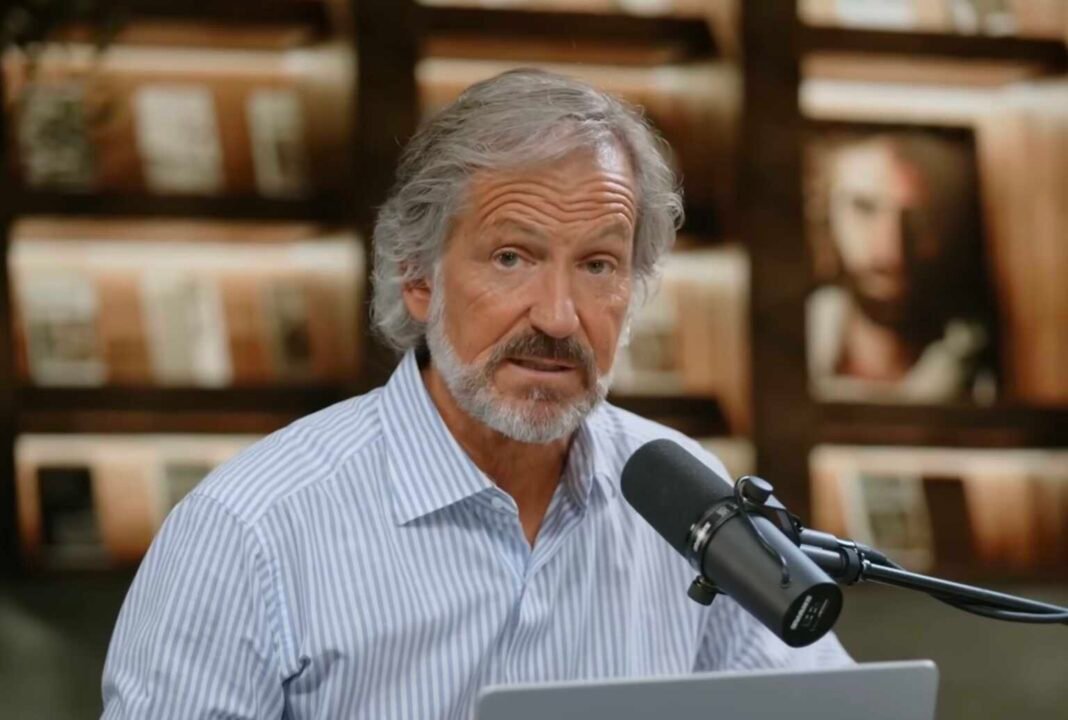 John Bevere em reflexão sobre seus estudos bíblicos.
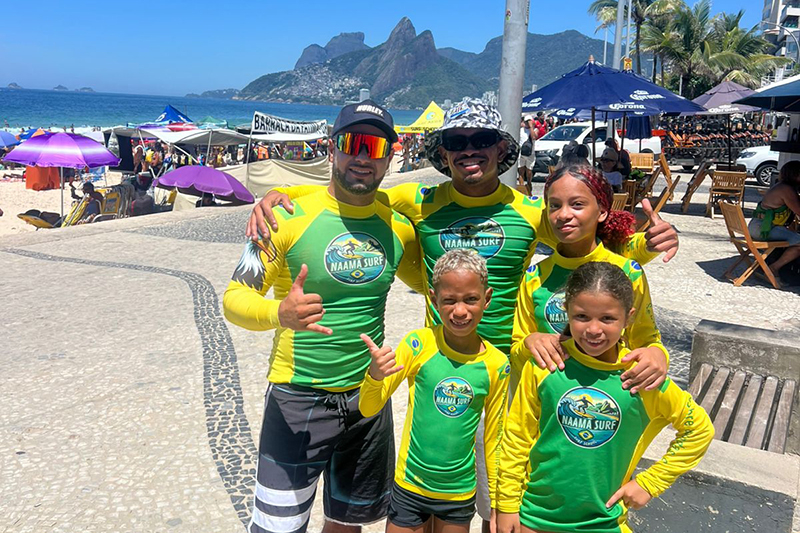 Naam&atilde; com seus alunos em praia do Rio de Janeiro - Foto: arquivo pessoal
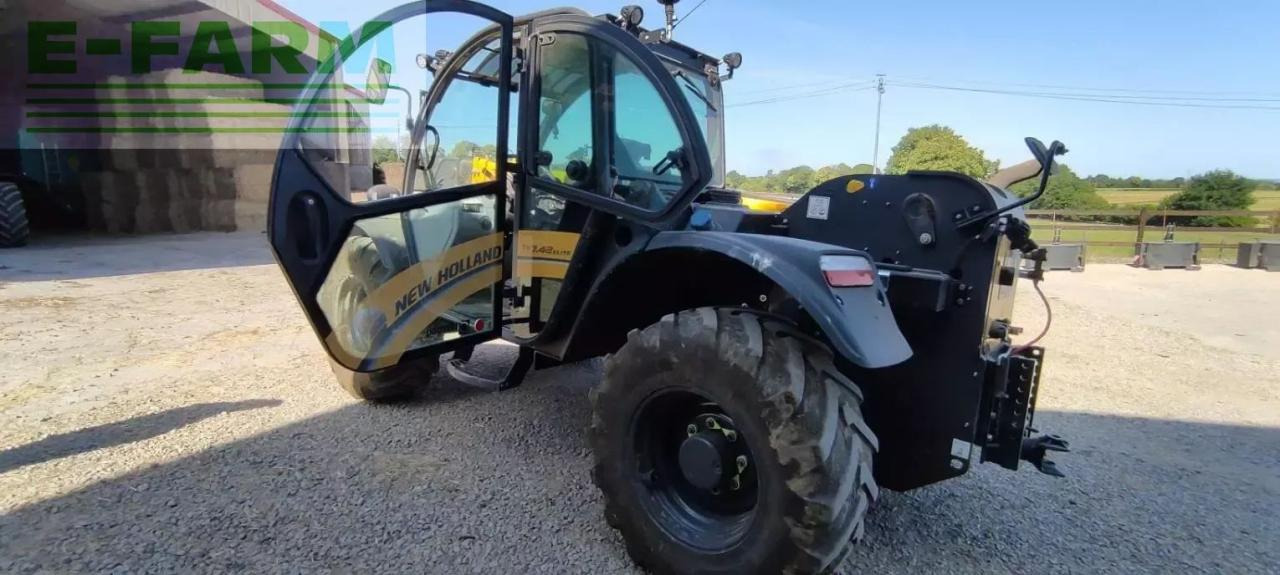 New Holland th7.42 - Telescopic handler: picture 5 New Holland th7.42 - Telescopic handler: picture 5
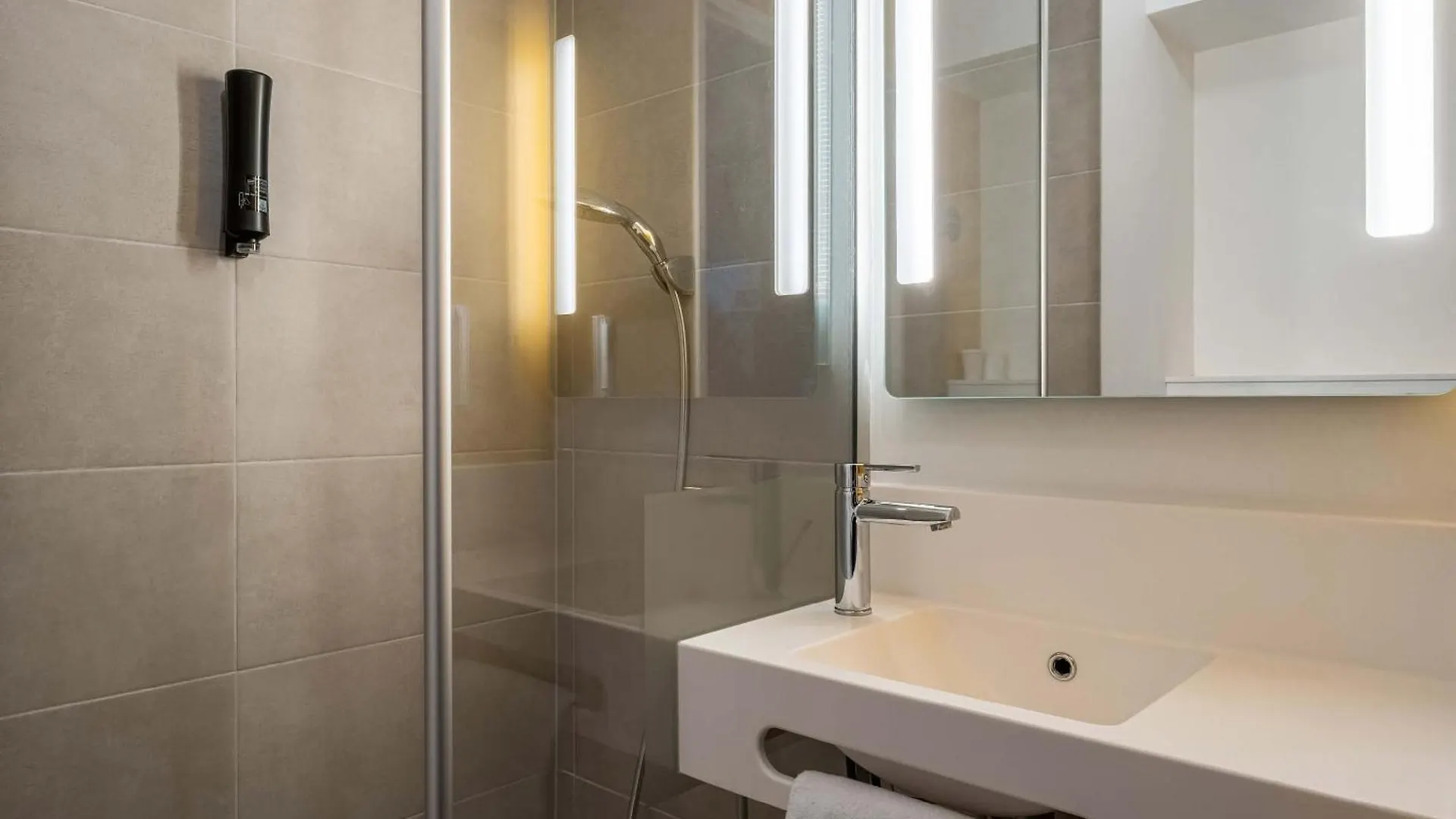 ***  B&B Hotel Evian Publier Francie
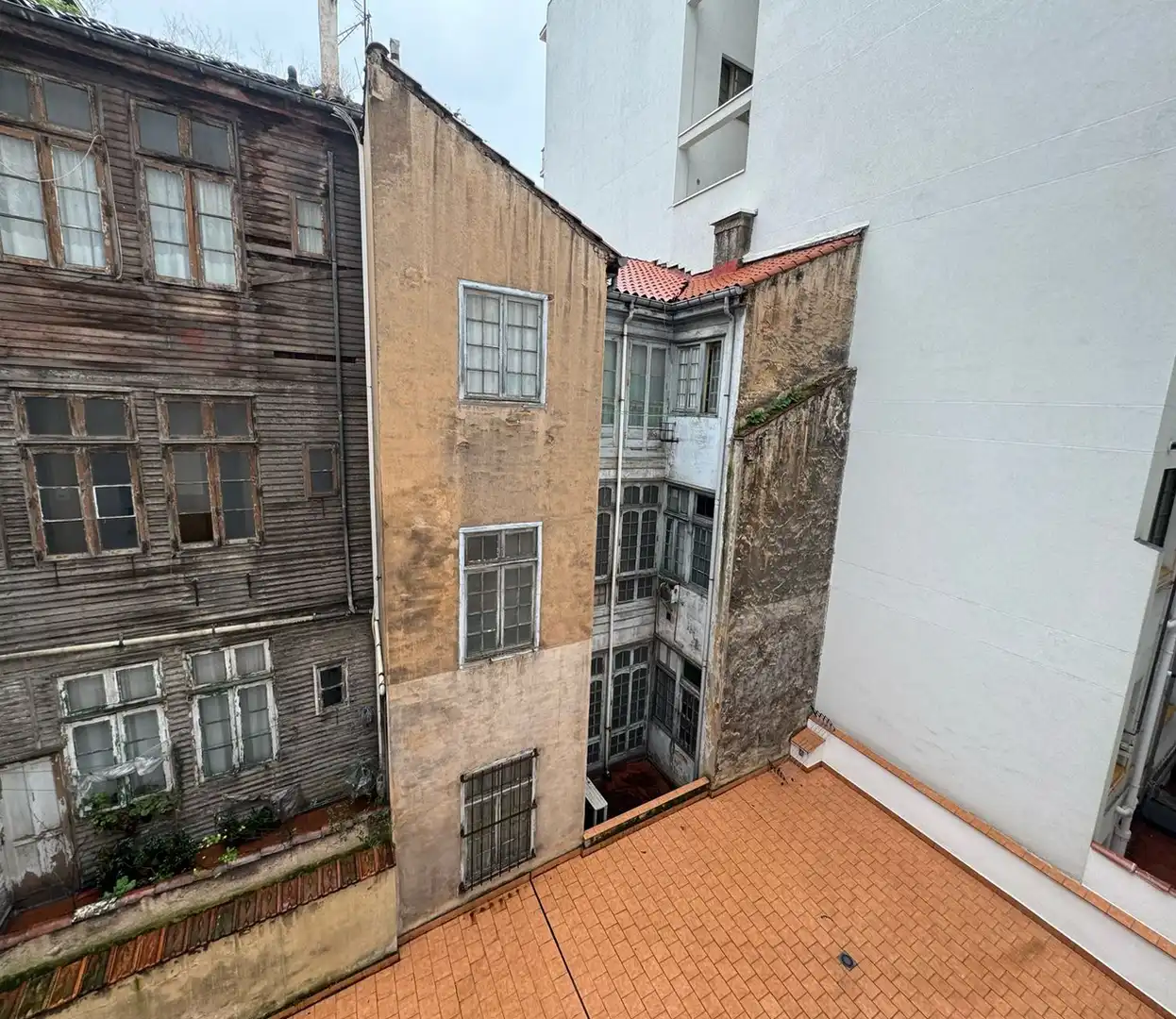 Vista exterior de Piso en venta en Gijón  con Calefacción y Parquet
#####
* **WHAT IS EXPECTED**:
Copy out the material above in full and exactly, but with no pictures.

* **RESPONSE TO THE EXERCISE**:
 John Bevere em reflexão sobre seus estudos bíblicos.
 Naam&atilde; com seus alunos em praia do Rio de Janeiro - Foto: arquivo pessoal
 New Holland th7.42 - Telescopic handler: picture 5 New Holland th7.42 - Telescopic handler: picture 5
 ***  B&B Hotel Evian Publier Francie
 Vista exterior de Piso en venta en Gijón  con Calefacción y Parquet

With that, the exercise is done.